Qualifiers are additions and extensions to the metadata elements that give metadata creators the option to refine the semantics of the element set, and add precision to the values of the metadata elements. For example, it may be useful to indicate that the value has been selected from a particular controlled vocabulary, such as a list of keywords, or is encoded using a particular convention - the format for dates is an important case - or in a particular natural language.
Qualifiers are used to restrict the semantics of the relationship between the resource and the element value. AGLS encourages more use of qualifiers than DC, but does not require it.
Element refinements are represented in HTML <meta> syntax with qualifiers appended to the element names. For example: "DC.Type.documentType". Note that the "T" in "Type" in the example is in upper case, whereas the "d" of "document" is not.
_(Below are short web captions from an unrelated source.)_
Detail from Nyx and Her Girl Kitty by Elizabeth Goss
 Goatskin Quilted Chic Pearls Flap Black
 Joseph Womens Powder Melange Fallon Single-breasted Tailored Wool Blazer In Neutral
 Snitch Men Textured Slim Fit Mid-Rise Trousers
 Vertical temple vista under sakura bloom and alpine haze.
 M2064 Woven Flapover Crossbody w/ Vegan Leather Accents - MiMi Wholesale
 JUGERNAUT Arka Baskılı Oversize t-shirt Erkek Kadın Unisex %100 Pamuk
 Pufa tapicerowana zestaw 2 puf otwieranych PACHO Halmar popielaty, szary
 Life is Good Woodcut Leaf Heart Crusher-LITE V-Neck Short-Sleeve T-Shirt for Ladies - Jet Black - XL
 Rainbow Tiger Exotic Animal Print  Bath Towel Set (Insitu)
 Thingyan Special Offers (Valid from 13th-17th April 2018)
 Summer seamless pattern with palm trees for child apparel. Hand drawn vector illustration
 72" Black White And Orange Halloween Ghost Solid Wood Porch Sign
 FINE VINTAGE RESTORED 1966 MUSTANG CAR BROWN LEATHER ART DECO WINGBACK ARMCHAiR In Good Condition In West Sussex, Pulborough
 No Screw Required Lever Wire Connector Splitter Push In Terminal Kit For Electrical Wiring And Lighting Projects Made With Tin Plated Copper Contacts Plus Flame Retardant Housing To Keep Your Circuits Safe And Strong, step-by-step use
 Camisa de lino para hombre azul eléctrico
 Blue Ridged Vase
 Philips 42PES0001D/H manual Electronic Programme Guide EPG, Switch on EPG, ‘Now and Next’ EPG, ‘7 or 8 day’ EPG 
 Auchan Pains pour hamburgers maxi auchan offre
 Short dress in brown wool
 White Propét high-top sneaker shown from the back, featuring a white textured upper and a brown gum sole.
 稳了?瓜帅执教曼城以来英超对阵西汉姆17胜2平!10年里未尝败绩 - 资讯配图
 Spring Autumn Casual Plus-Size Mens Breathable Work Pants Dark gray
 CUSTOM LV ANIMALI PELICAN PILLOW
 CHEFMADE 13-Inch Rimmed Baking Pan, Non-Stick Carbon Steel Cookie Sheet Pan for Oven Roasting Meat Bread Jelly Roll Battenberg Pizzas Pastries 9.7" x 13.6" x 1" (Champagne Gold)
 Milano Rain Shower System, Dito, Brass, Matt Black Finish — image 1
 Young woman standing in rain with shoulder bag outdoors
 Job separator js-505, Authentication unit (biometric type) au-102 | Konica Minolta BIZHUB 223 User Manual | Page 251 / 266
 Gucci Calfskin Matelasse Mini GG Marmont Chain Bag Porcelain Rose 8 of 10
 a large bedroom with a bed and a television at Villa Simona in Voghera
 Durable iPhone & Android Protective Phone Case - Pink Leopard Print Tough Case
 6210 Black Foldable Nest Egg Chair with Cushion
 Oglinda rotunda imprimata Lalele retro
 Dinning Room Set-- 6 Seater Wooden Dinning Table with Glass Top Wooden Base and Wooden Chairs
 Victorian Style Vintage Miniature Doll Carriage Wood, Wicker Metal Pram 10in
This is a somewhat odd practice in DC.
Encoding schemes indicate how the value is to be interpreted if it has been chosen from a controlled vocabulary, or externally defined standard. For example:
<META NAME="DC.Date.modified" SCHEME="ISO8601" CONTENT="1998-08-27">
AGLS uses two types of qualifiers.
This is a demonstration of DSTC's Reg metadata editor. Reg allows you to:
- enter metadata
- export metadata in a number of syntaxes
- save metadata records to a test repository
- reload metadata records from a repository for editing
Reg uses metadata schemas to customize itself for different metadata element sets. ...
Metadata is rarely entered be the document author typing in text. When encoded in the header of a HTML document the metadata is not displayed by a web browser. Specialized software, such as a content management systems, or features in word processors are used to enter and display the metadata. The user of the system is likely to be unaware they are using a metadata standard or how it is encoded. Examples of how these systems will be shown later.
The Distributed Systems Technology Centre (DSTC Pty Ltd), has produced a metadata tool to create AGLS and Dublin Core metadata. Rege, can be used to generate AGLS metadata syntax. This would be too cumbersome for creating real metadata, but is a useful way to learn about the process.